§ **Your goal**: Below is a listing; retype exactly the lines between the one containing "аукциона в Японии" and the one containing "受注製作【13㌢】インド刺繍リボンのバナナクリップ ヘア", inclusive, minus the pictures.

§ **Records to use**:
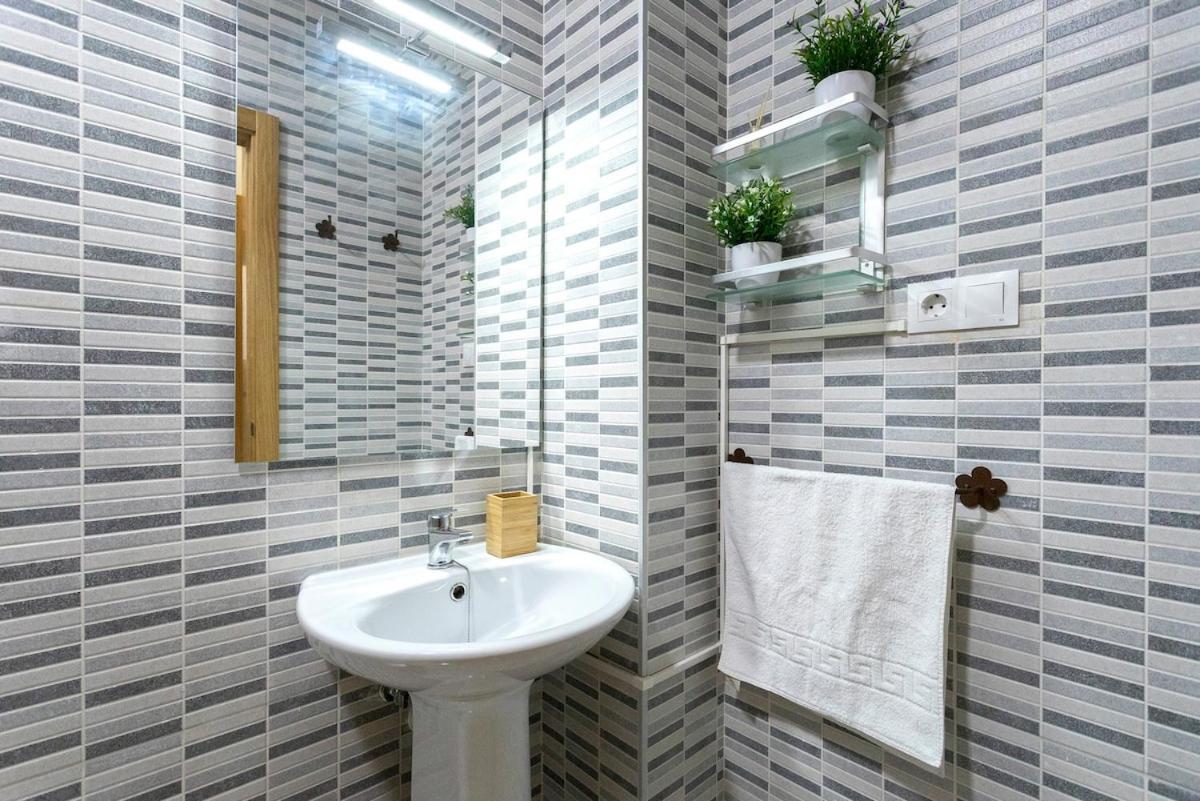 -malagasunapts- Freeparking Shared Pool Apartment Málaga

==

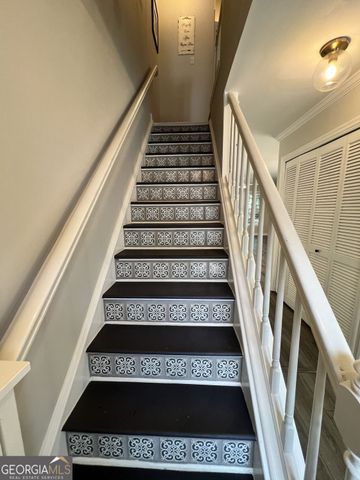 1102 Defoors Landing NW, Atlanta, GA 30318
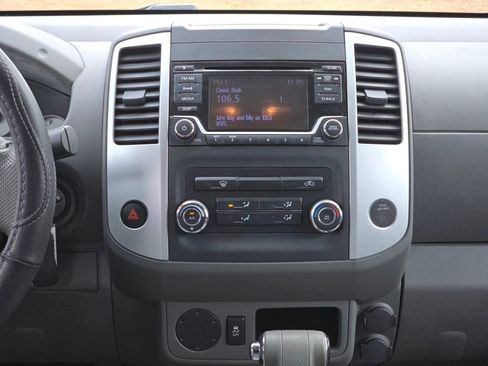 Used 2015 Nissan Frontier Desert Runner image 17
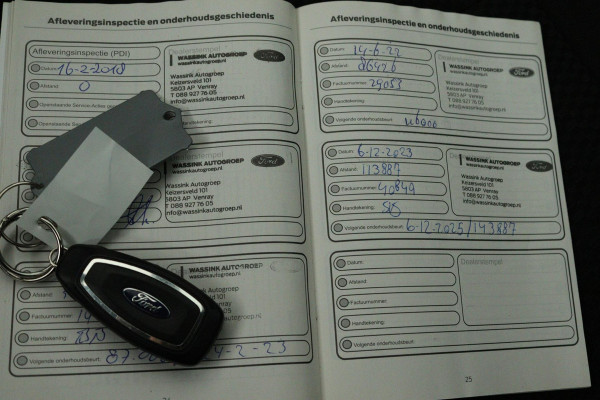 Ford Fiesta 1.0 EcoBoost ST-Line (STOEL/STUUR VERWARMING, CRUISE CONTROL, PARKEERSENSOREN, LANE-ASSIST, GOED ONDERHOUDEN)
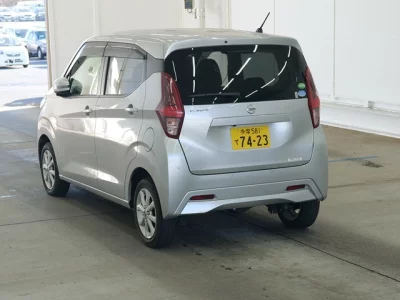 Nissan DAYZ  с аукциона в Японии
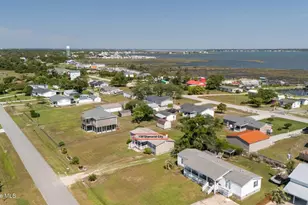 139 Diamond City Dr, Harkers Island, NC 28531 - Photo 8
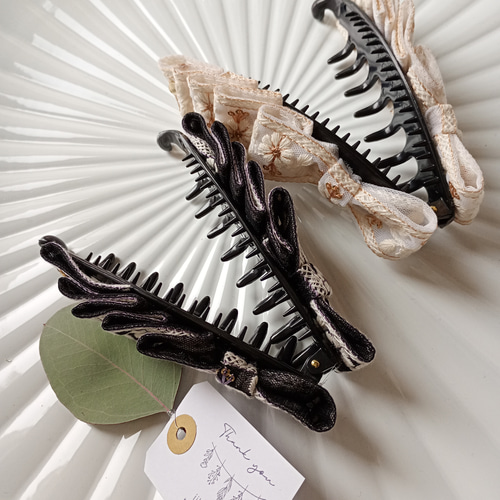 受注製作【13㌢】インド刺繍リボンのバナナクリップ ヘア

§ **Task response**:
 Nissan DAYZ  с аукциона в Японии
 139 Diamond City Dr, Harkers Island, NC 28531 - Photo 8
 受注製作【13㌢】インド刺繍リボンのバナナクリップ ヘア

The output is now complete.